* _PROMPT_:
Scan the material for the string "Print" and copy out every line in which it occurs.

* _INFORMATION SHOWN_:
..............................
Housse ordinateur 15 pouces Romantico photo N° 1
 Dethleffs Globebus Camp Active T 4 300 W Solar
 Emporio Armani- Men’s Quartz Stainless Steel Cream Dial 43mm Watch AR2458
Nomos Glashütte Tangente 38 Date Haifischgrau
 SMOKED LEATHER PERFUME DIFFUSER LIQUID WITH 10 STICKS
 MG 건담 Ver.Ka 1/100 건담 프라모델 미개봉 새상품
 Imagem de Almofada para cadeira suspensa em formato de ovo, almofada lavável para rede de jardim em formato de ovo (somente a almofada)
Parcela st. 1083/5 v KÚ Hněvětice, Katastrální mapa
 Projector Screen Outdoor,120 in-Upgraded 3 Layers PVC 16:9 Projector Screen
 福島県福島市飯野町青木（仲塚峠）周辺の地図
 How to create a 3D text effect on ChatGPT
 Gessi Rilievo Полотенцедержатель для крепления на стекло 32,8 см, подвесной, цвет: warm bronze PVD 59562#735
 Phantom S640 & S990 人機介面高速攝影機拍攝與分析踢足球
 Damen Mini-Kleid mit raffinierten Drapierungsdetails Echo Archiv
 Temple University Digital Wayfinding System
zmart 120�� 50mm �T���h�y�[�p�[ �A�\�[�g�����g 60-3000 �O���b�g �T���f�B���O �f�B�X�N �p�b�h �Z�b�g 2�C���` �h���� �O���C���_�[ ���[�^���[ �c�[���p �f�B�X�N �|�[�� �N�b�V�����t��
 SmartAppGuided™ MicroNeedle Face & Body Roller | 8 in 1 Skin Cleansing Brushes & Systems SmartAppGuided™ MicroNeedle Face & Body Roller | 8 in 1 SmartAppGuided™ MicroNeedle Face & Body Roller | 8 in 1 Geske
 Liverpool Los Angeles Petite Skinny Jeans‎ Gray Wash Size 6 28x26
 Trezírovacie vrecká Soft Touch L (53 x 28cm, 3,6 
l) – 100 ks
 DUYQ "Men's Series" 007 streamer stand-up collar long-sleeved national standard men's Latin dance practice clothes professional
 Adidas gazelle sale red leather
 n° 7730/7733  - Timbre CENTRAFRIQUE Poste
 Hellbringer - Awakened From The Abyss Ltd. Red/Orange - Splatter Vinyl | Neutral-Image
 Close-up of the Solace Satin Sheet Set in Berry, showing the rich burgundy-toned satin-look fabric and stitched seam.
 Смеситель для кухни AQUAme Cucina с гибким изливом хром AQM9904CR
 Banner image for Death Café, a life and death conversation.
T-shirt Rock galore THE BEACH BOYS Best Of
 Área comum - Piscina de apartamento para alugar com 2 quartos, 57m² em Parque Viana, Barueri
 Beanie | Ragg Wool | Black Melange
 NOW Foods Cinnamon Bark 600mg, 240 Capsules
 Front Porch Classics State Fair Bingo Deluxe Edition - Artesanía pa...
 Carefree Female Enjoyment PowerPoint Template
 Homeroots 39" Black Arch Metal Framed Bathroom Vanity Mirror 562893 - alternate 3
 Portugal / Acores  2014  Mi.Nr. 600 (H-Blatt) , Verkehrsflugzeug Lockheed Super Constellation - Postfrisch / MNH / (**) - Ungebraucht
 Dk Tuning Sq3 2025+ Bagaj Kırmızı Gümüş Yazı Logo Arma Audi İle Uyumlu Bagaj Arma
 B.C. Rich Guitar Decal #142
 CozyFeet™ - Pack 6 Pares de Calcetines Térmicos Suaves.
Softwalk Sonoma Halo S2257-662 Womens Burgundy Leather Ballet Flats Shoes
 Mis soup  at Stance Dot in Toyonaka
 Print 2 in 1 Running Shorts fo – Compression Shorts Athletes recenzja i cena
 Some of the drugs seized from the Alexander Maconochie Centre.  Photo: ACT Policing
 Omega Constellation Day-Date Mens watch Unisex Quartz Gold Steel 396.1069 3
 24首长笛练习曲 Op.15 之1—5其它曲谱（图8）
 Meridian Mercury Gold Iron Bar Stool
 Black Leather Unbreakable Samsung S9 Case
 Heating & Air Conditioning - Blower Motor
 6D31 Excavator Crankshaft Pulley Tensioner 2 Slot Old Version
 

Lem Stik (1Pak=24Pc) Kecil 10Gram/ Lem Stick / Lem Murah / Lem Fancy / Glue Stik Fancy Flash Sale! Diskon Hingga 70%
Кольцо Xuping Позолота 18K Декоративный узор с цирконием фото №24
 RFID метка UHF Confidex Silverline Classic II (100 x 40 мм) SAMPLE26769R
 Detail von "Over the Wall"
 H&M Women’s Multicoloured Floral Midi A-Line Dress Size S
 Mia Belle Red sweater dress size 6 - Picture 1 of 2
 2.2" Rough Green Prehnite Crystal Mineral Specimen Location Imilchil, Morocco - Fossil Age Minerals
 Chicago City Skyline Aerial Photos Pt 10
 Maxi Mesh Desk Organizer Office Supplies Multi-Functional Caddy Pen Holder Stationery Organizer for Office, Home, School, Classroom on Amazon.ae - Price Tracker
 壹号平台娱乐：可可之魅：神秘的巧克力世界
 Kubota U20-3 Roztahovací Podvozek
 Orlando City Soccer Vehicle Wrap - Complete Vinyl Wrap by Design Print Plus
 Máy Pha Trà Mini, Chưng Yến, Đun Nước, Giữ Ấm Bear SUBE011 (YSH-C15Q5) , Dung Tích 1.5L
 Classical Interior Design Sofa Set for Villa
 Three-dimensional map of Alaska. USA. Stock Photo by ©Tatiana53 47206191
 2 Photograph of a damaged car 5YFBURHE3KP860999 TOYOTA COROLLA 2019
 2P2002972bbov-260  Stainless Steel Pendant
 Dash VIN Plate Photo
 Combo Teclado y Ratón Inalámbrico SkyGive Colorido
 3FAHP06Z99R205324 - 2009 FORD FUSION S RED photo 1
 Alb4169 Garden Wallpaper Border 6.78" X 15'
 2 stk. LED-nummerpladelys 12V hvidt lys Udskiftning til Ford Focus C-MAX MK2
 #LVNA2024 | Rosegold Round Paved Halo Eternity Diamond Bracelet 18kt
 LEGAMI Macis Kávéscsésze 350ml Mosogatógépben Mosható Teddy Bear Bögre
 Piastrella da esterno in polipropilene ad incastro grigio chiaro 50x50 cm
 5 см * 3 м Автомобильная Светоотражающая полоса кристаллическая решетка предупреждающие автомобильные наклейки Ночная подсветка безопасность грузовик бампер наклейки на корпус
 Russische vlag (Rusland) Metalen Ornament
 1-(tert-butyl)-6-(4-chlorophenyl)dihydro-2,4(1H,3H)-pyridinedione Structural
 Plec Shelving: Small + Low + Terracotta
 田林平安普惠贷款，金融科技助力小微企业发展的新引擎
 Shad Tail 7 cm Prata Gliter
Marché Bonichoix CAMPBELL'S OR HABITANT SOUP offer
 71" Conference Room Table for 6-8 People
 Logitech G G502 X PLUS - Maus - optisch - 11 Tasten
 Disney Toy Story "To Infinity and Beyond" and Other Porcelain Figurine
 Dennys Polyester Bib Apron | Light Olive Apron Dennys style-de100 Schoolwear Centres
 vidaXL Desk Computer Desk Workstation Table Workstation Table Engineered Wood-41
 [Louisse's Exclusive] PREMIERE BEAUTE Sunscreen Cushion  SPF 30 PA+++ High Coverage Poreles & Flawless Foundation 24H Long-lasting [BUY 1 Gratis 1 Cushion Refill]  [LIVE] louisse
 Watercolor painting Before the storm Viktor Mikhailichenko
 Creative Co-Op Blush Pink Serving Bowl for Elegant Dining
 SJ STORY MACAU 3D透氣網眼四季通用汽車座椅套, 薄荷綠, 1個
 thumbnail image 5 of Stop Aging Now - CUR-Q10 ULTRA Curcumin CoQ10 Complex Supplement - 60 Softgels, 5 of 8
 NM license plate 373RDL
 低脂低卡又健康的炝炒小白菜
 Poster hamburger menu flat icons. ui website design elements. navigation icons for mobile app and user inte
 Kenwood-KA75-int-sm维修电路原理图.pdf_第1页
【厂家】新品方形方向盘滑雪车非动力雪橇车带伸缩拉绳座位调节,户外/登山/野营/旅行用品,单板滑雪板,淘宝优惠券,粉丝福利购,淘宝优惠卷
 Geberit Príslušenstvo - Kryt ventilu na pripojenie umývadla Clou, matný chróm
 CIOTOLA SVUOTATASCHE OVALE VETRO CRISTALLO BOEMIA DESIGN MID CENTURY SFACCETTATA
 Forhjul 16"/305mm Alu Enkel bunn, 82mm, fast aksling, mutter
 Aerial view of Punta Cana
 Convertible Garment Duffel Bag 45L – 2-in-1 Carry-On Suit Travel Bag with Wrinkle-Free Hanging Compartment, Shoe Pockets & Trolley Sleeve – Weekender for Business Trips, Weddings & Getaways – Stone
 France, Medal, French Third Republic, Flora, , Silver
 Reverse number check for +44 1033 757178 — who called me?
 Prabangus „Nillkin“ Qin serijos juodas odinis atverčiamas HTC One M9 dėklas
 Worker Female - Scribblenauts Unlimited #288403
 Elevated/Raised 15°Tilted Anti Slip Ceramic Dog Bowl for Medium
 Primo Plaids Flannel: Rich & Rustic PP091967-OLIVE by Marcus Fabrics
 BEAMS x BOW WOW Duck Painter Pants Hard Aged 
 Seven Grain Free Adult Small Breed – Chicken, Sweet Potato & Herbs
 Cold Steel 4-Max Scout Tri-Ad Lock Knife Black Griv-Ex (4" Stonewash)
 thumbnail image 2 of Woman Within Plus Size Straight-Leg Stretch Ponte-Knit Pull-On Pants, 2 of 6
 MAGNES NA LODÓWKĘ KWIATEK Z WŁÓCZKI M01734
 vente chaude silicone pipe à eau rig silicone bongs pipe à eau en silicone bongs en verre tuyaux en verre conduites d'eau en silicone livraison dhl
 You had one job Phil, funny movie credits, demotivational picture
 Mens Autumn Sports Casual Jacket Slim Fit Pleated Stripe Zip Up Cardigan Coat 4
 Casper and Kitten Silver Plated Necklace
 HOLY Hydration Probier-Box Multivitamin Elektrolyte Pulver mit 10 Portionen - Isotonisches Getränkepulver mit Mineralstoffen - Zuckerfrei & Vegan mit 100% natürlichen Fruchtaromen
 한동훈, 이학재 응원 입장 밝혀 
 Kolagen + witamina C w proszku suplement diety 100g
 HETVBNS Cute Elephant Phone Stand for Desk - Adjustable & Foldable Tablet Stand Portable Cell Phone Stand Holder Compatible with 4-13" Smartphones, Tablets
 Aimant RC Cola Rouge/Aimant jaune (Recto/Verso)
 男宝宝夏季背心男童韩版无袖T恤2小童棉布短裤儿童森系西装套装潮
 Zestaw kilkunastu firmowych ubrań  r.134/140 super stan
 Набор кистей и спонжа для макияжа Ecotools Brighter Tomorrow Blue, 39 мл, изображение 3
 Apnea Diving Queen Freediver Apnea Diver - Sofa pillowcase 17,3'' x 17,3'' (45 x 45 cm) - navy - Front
..............................
* _COMPLETED TASK_:
 Print 2 in 1 Running Shorts fo – Compression Shorts Athletes recenzja i cena
 Orlando City Soccer Vehicle Wrap - Complete Vinyl Wrap by Design Print Plus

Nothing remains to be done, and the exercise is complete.